How to complete this task — An exact copy of every entry is needed, without the pictures.

++++ Provided data ++++

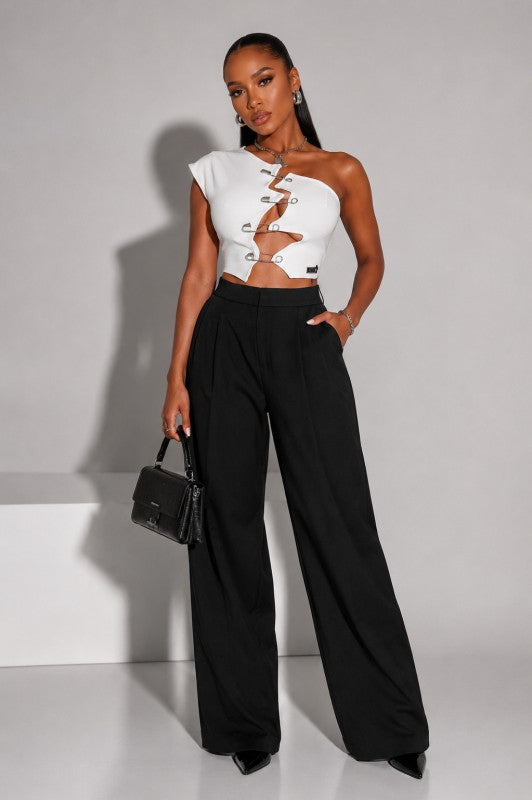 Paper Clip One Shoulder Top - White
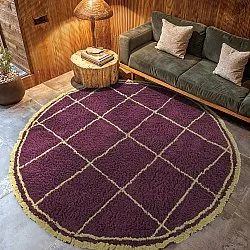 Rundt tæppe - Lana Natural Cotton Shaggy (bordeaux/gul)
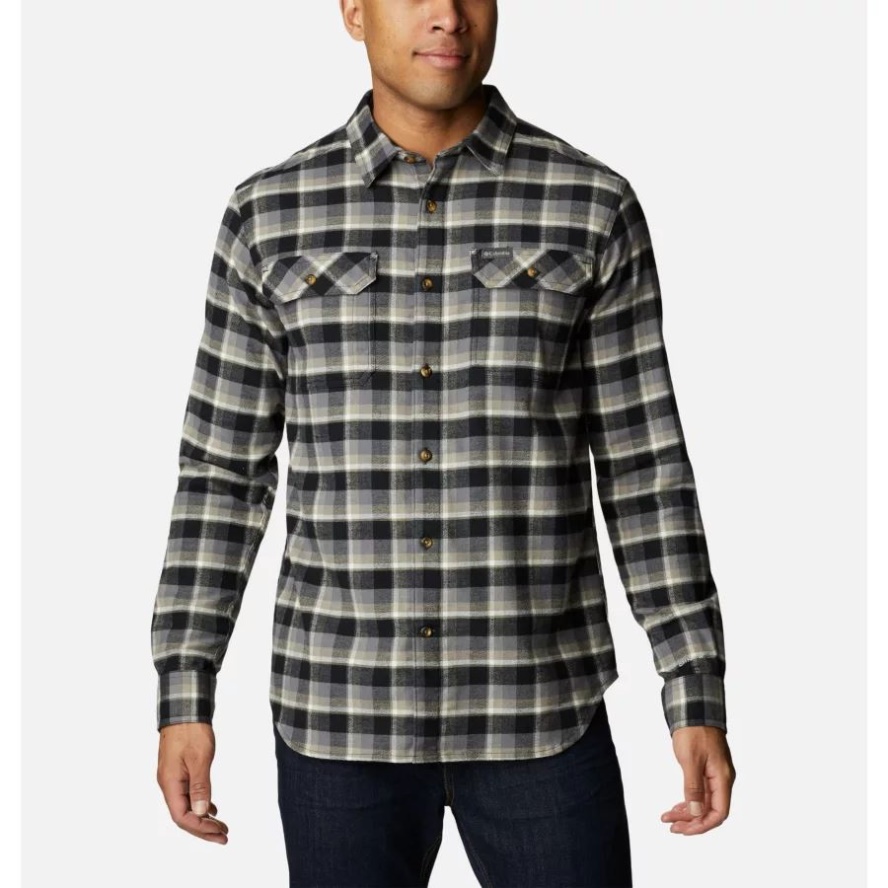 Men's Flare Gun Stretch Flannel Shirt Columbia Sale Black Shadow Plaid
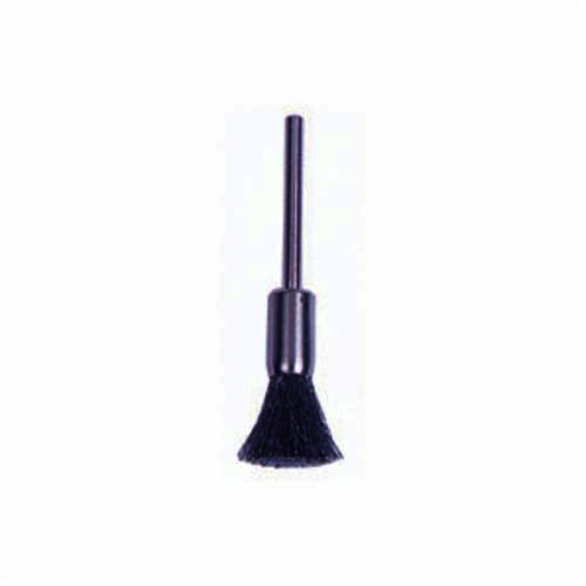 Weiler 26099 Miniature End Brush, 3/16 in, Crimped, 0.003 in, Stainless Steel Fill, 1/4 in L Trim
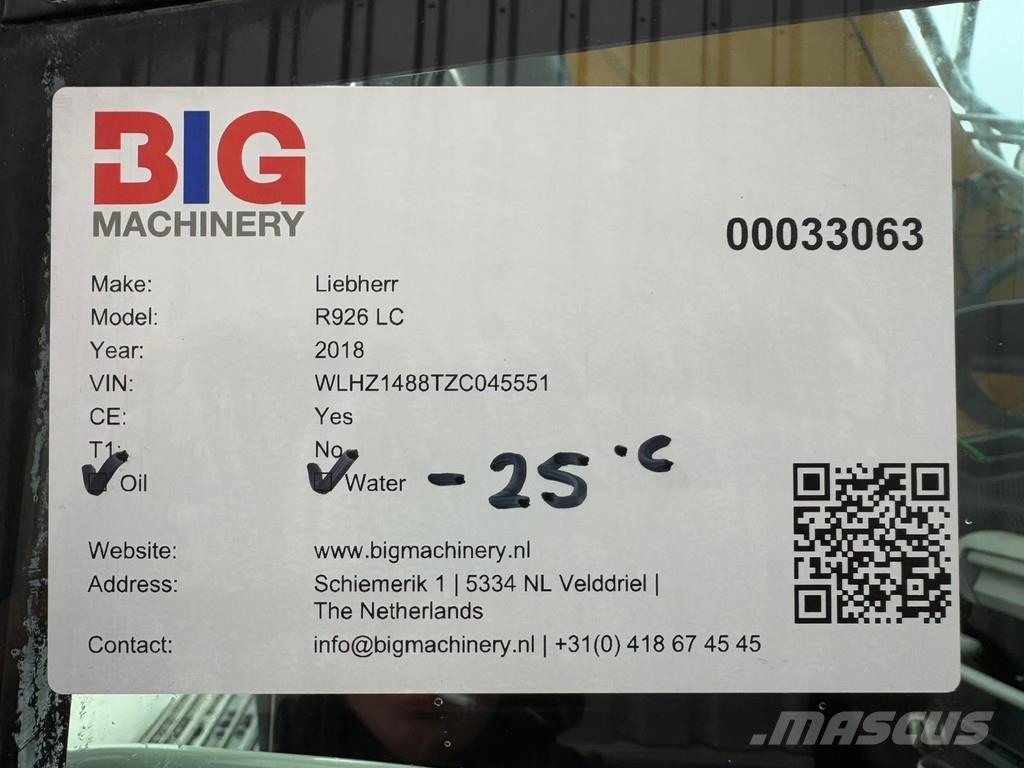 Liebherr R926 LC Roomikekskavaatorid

++++

Written solution —
 Paper Clip One Shoulder Top - White
 Rundt tæppe - Lana Natural Cotton Shaggy (bordeaux/gul)
 Men's Flare Gun Stretch Flannel Shirt Columbia Sale Black Shadow Plaid
 Weiler 26099 Miniature End Brush, 3/16 in, Crimped, 0.003 in, Stainless Steel Fill, 1/4 in L Trim
 Liebherr R926 LC Roomikekskavaatorid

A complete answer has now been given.